====== RAW DATA ======
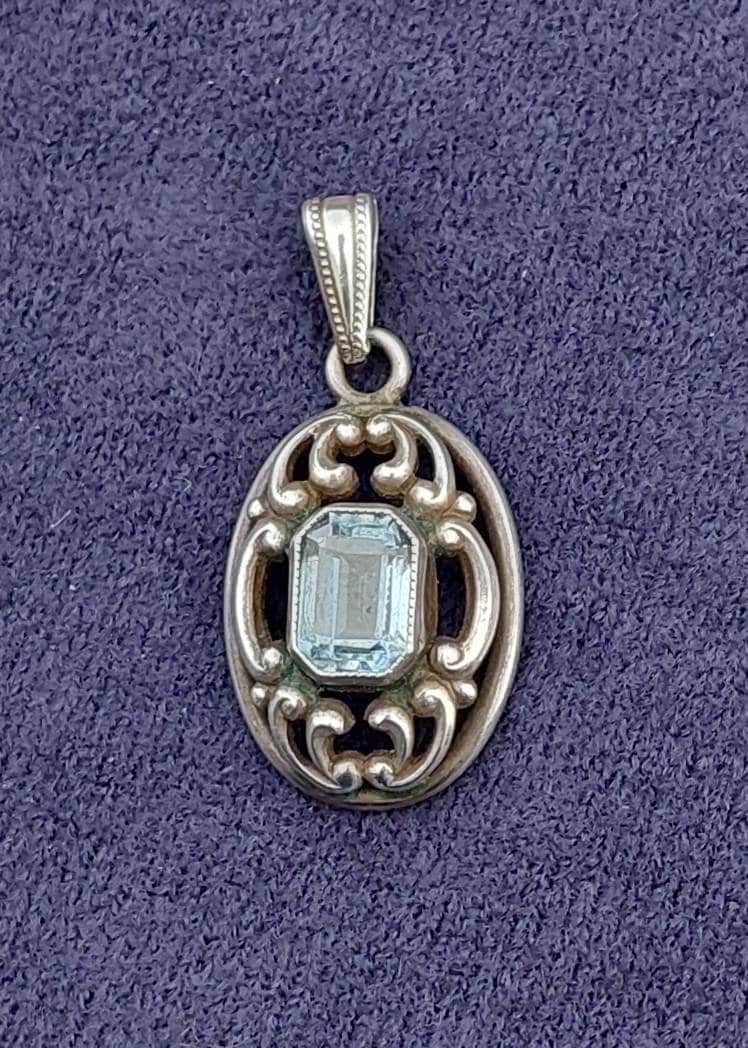 Sehr Schöner Antiker 835Er Silber Anhänger Hellblau Geschliffener Stein Aquamarin Farbend Sehr Schöner Antiker 835Er Silber Anhänger Hellblau Geschliffener Stein Aquamarin Farbend von SchmuckparadiesShop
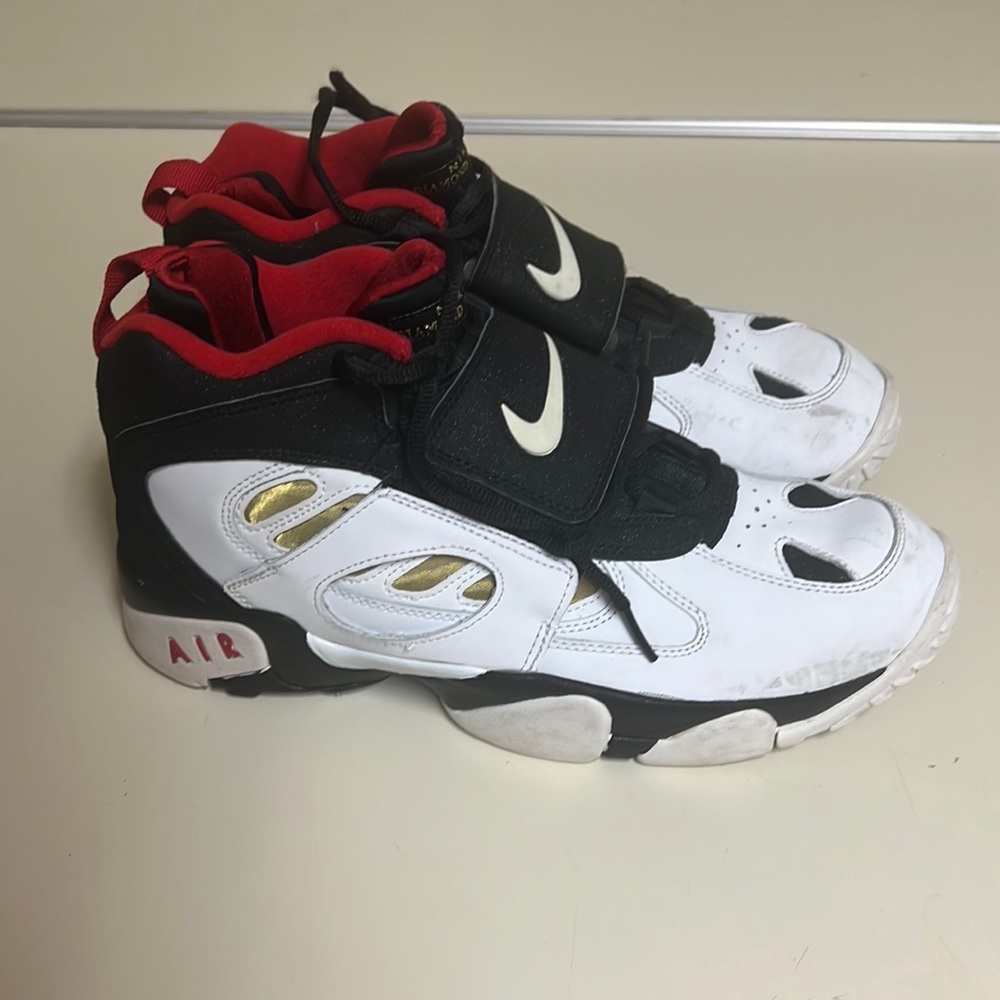 Nike Air Diamond Turf 2 : Deion Sanders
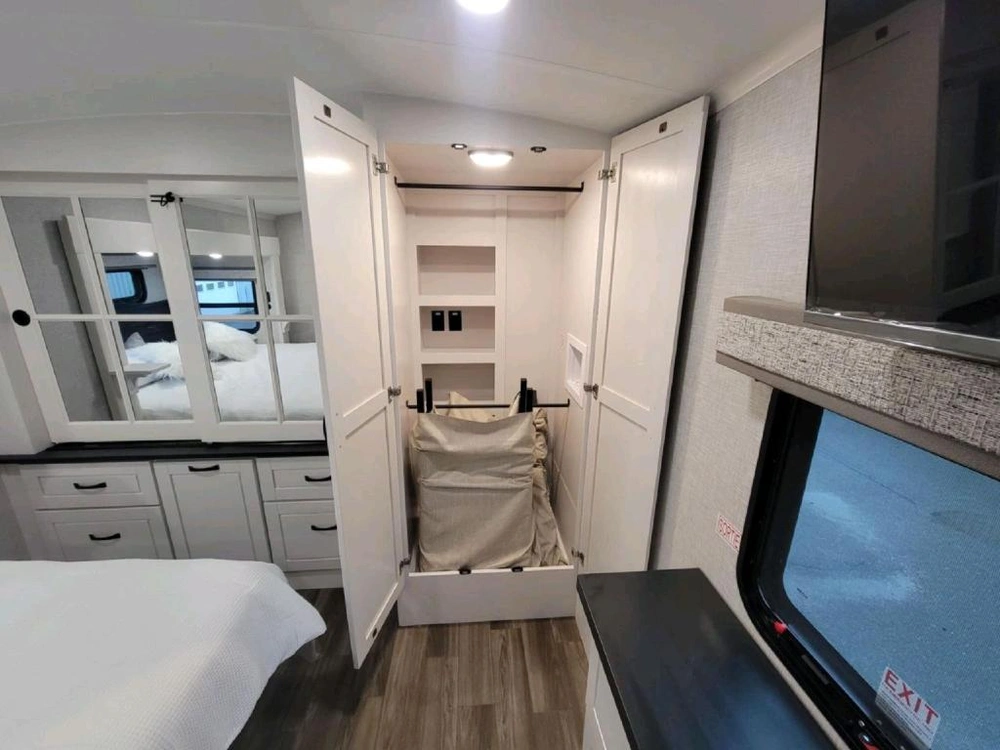 Jayco North Point 310rlts 2025 alt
======
== WHAT YOU NEED TO DO ==
Everything from the line with "Nike Air Diamond Turf 2 : Deion Sanders" through the final line of the material is to be returned exactly, both ends included, apart from the pictures.

== OUTPUT OF THE TASK ==
 Nike Air Diamond Turf 2 : Deion Sanders
 Jayco North Point 310rlts 2025 alt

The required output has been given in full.